Monday, February 8, 2010

What is a Church?

I suppose that you could ask 100 people that question and get 75 different answers. It is amazing that such a common word as church could have so many different meanings. What is even more astounding is when people have personal definitions to words. You could ask a person for a definition of the word church and you would hear something like “the church, to me, means…” as if words do not have any meaning or can change from person to person. Or the they may struggle to even answer the question because it is too deep to define. Could you imagine treating any other word like that? For example, if you asked someone to define the word car and then they say “the word car, means to me…” or “the word care is so deep that it has many meanings.” Wouldn’t you find that to be odd? Then, on the other extreme of defining words, some words are so familiar that we have never even considered what the word means. Sometimes we assume we know what the word means, but if we were asked to write a definition of the word, we would be at a loss. You may have gone to church your whole life, but never stopped to ask yourself, what is a church?
The English word church is found 80 times in the Bible and the word churches 37 times. Christians should understand a word that is found so many times in the Bible. The better question would be “what does God mean by church?” rather than the common question, “What does the word church mean to me.” When God inspired the writers of the New Testament to pen the very Words of God, what did God mean? When speaking of church, some refer to denominations, others to buildings and some say the church means every saved person on earth. What did God mean when He said church?


God could have used any word that He wanted to use. God was not short on vocabulary, so whatever word we find is the exact word God wanted to use. I really do not enjoy hearing preachers say “what Paul really meant to say was…” or “what would have been better to say…” rather “this is what God said.” The first time the word church is used is in Matthew 16:18 And I say also unto thee, That thou art Peter, and upon this rock I will build my church; and the gates of hell shall not prevail against it. The word church is the word ἐκκλησία, (ekklēsia) in Greek, which was the language the New Testament was originally penned. The word ἐκκλησία means a called assembly. However, in many popular lexicon’s and dictionaries, the modern usage of the word has been inserted into their definition. I am afraid that many people put more authority on the work of one man who authored a lexicon, than in God’s word. As I hope to point out, merely because a man is an authority on the language, does not make him beyond reproof.

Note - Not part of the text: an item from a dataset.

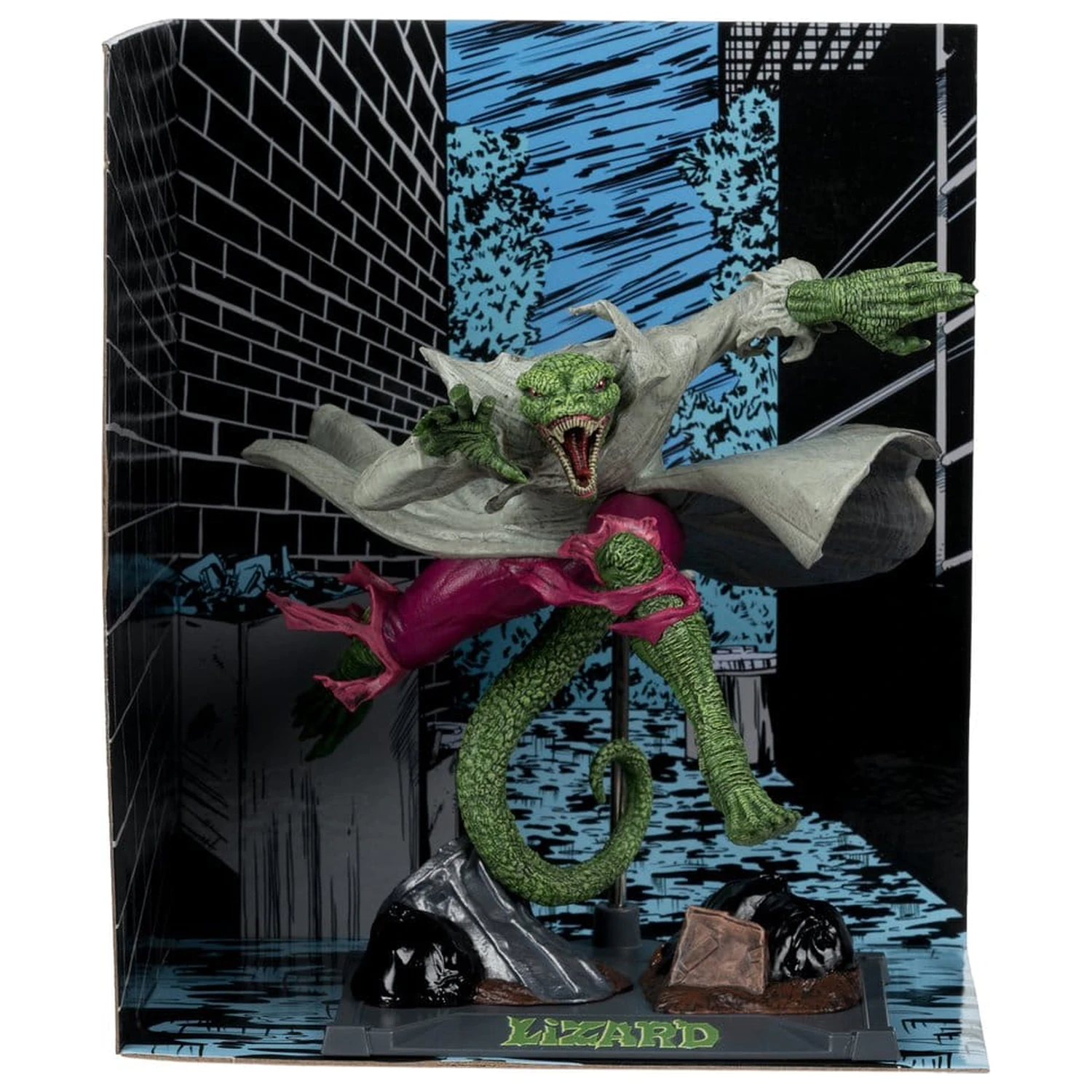 Marvel Collection PVC kip 1/10 The Lizard (Spider-Man #2) 15 cm fotografija proizvoda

What I would also like to call attention to, for your deliberation, is that when you go to a dictionary or a concordance with Greek definitions, we are reading the authors definition of the word, not necessarily the meaning of the word at the time of its usage. Take, for example, Thayer’s Greek Definitions; he defines the word translated church as “a gathering of citizens called out from their homes into some public place, an assembly”. However, the definition doesn’t stop there, but he then goes on to define the word as “in a Christian sense… the whole body of Christians scattered throughout the earth”. That is a broad definition and illustrates the problem that we are going to have to face squarely as we go on. What does the word mean? Is Thayer correct in stating the Greek word ἐκκλησία was understood by those who spoke and wrote Greek in that time to mean “the whole body of Christians” or is that the definition he applies to what the word has become to mean? Strong’s defines the word as “a calling out, that is, (concretely) a popular meeting, especially a religious congregation (Jewish synagogue, or Christian community of members on earth or saints in heaven or both): - assembly, church.” So Strong defines the word church with the word church. He has interjected his opinion into the definition. A.T. Robertson, in his work Word Pictures in the New Testament says “The word originally meant “assembly”, but it came to be applied to an “unassembled assembly”. W.E. Vine falls into the same trap when he defines ἐκκλησία. Vine says the word comes “from ek, out of and klesis, a calling was used among the Greeks of a body of citizens gathered to discuss the affairs of the State, Acts 19:39. In the Septuagint it is used to designate the gathering of Israel, summoned for any definite purpose, or a gathering regarded as representative of the whole nation. In Acts 7:38 it is used of Israel; in 19:32, 41 of a riotous mob.” Here Vine faithfully gives the meaning of the Greek word and the way the Greek word was understood by those living during the times. However, instead of bowing to the authority of God’s Word, he goes on to say “It has two applications to companies of Christians...” then applies the universal invisible body theory. This is interjecting our thoughts into God’s Word. It then becomes easy to declare that you believe every Word of God when you get to choose your own definition of the words. This same duplicity is applied to baptism as well.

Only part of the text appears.